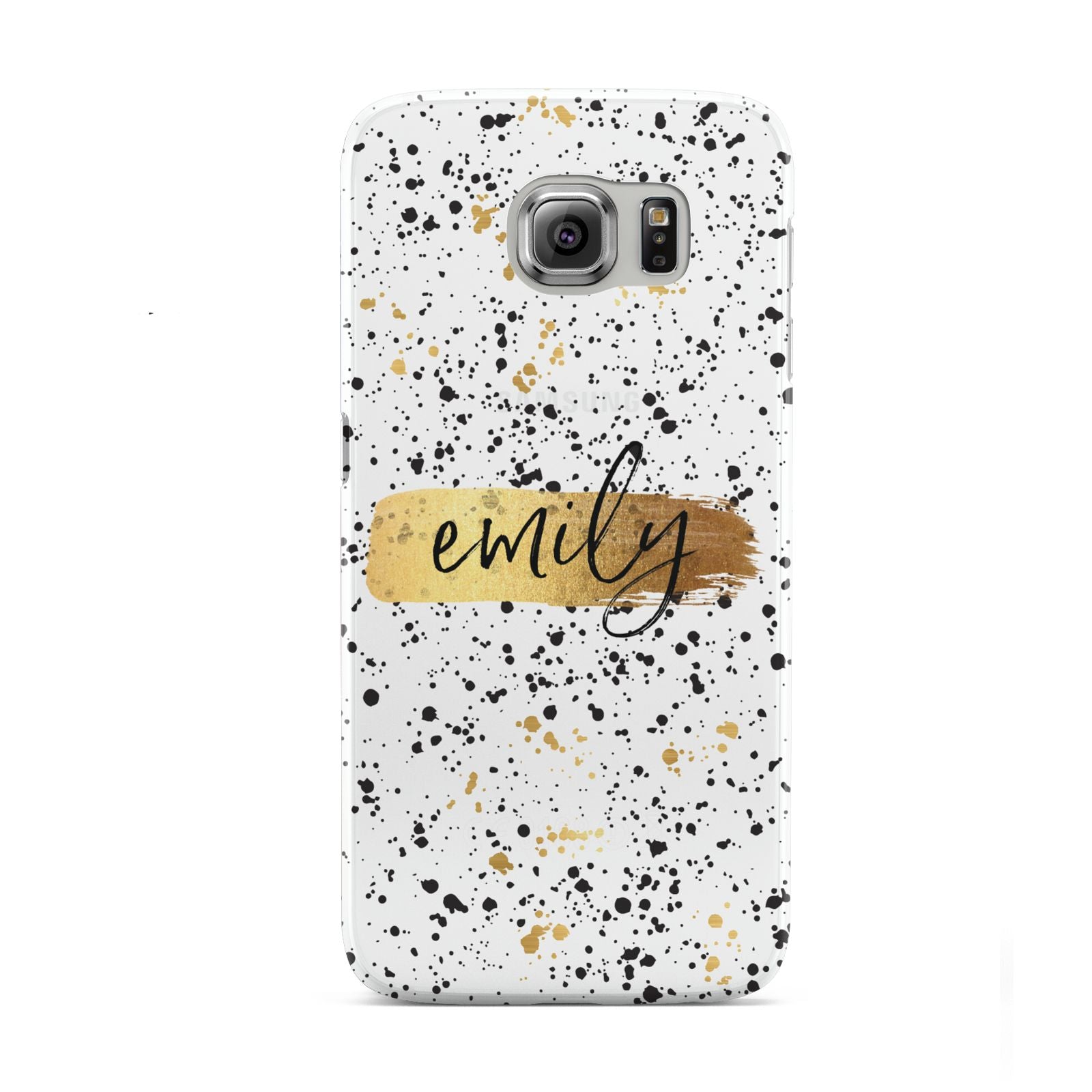 Personalised Ink Splatter Gold Samsung Galaxy S6 Case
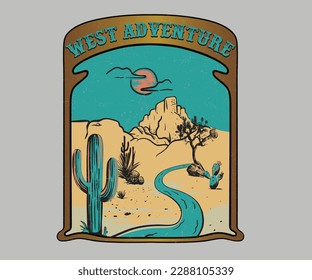 western desert retro vintage design, arizona desert landscape vector, cactus desert artwork vector, western vintage design for t shirt, sticker, clothing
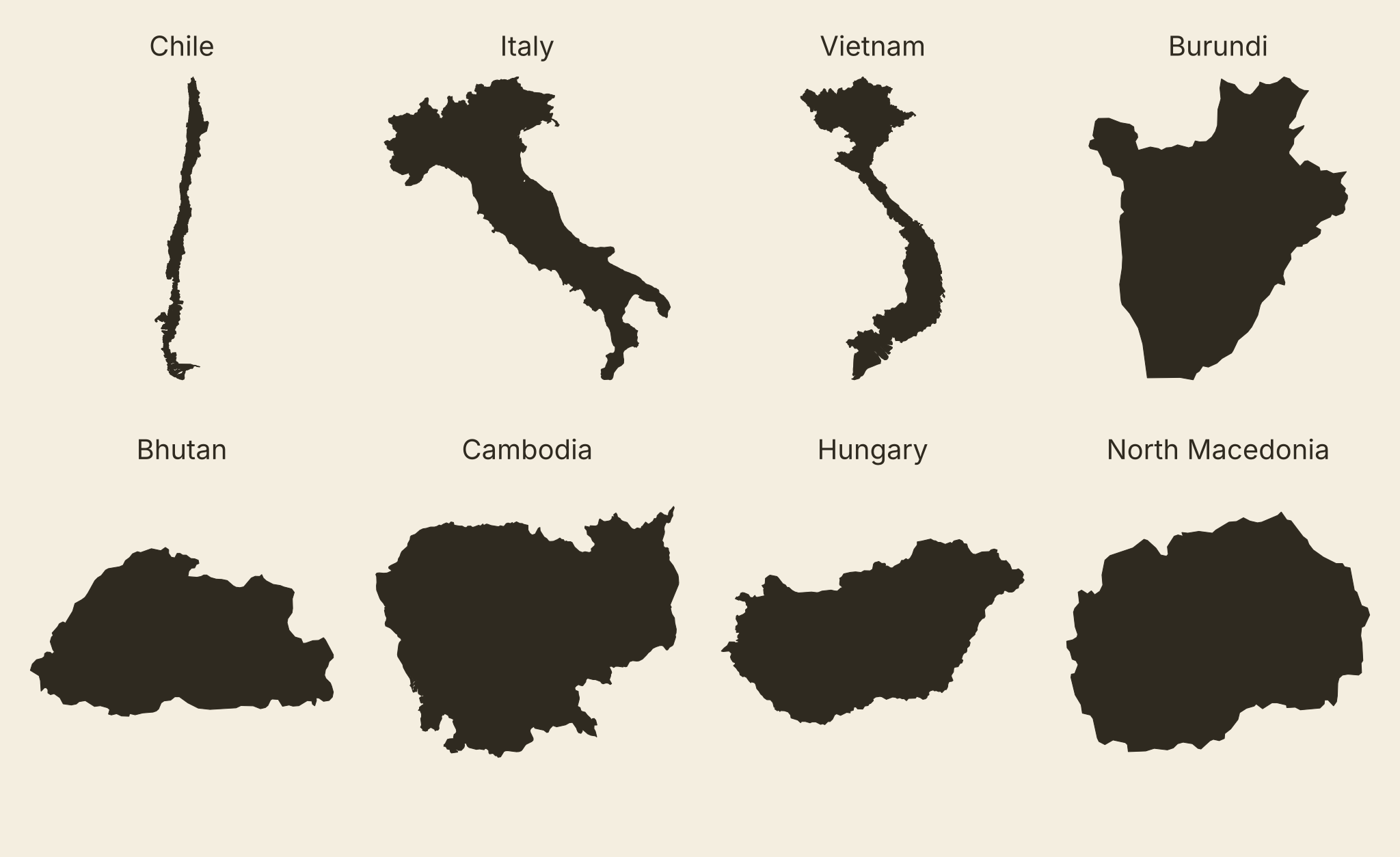 Eight labeled country outlines in two rows of four, each scaled to fill its tile: Chile, Italy, Vietnam and Burundi on top, Bhutan, Cambodia, Hungary and North Macedonia below.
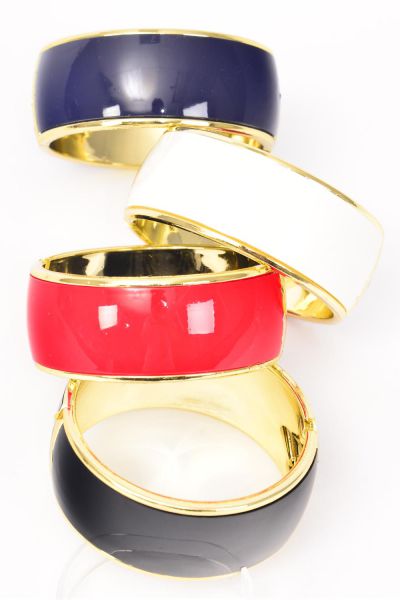 Bracelet Bangle Acrylic Hinge Enamel Gold Trim / 12 pcs = Dozen Size-2.75" x 1.25" Wide , 3 Red , 3 White , 3 Black , 3 Navy Mix , Hang Tag & OPP bag & UPC code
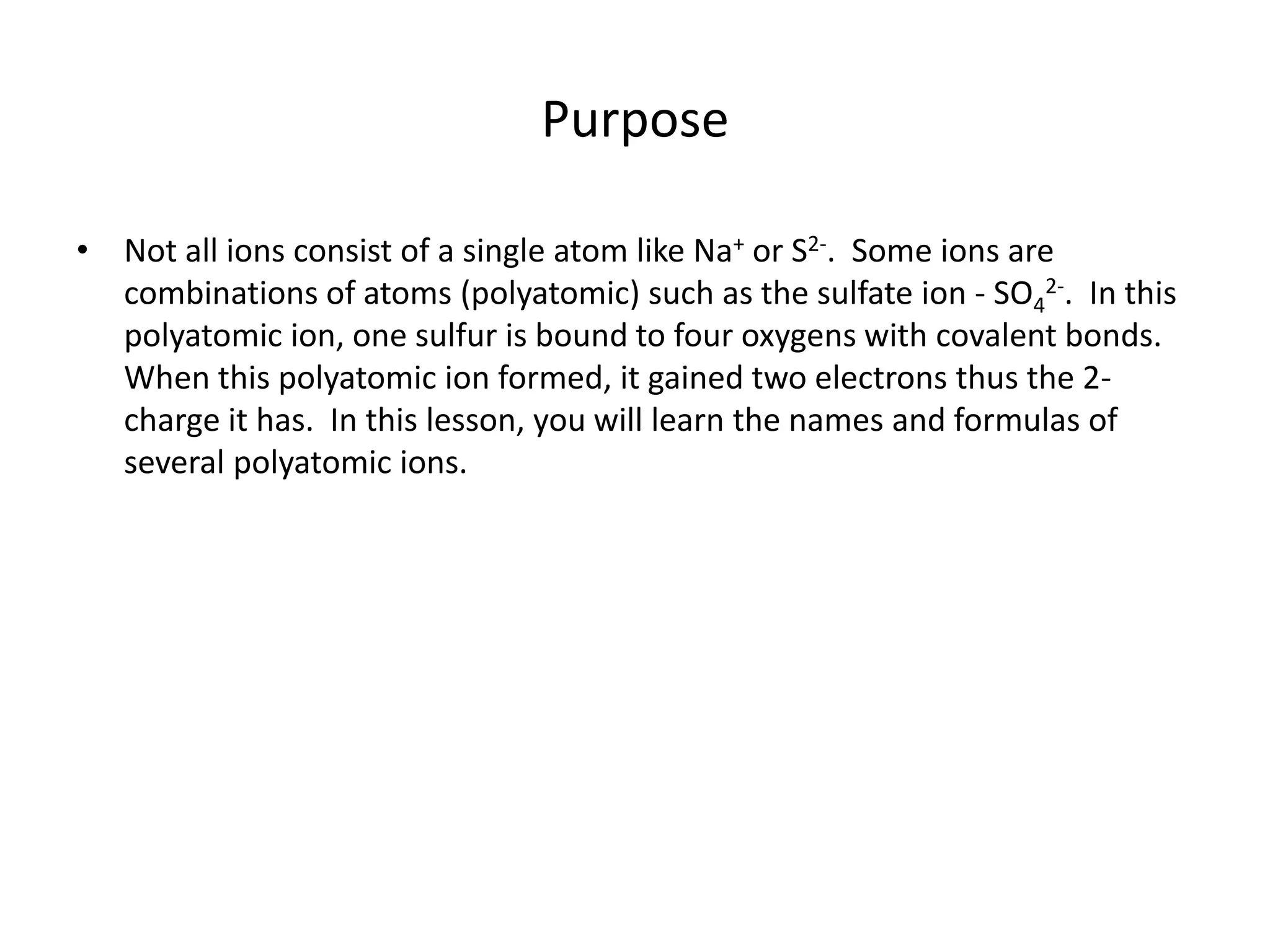 Unit 5 6 polyatomic ions | PPTX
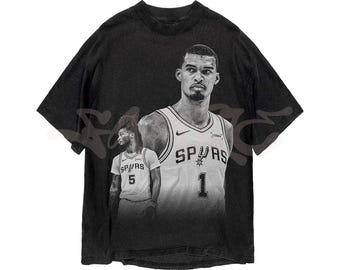 Victor Wembanyama and Stephon Castle Area 51 San Antonio Spurs Basketball PNG Design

# # # # # # #

__Exercise description__. Starting with the line that contains "Eight labeled country", print every remaining line of the records above, exactly as it stands. Do not print the pictures.

__Exercise response__.
 Eight labeled country outlines in two rows of four, each scaled to fill its tile: Chile, Italy, Vietnam and Burundi on top, Bhutan, Cambodia, Hungary and North Macedonia below.
 Bracelet Bangle Acrylic Hinge Enamel Gold Trim / 12 pcs = Dozen Size-2.75" x 1.25" Wide , 3 Red , 3 White , 3 Black , 3 Navy Mix , Hang Tag & OPP bag & UPC code
 Unit 5 6 polyatomic ions | PPTX
 Victor Wembanyama and Stephon Castle Area 51 San Antonio Spurs Basketball PNG Design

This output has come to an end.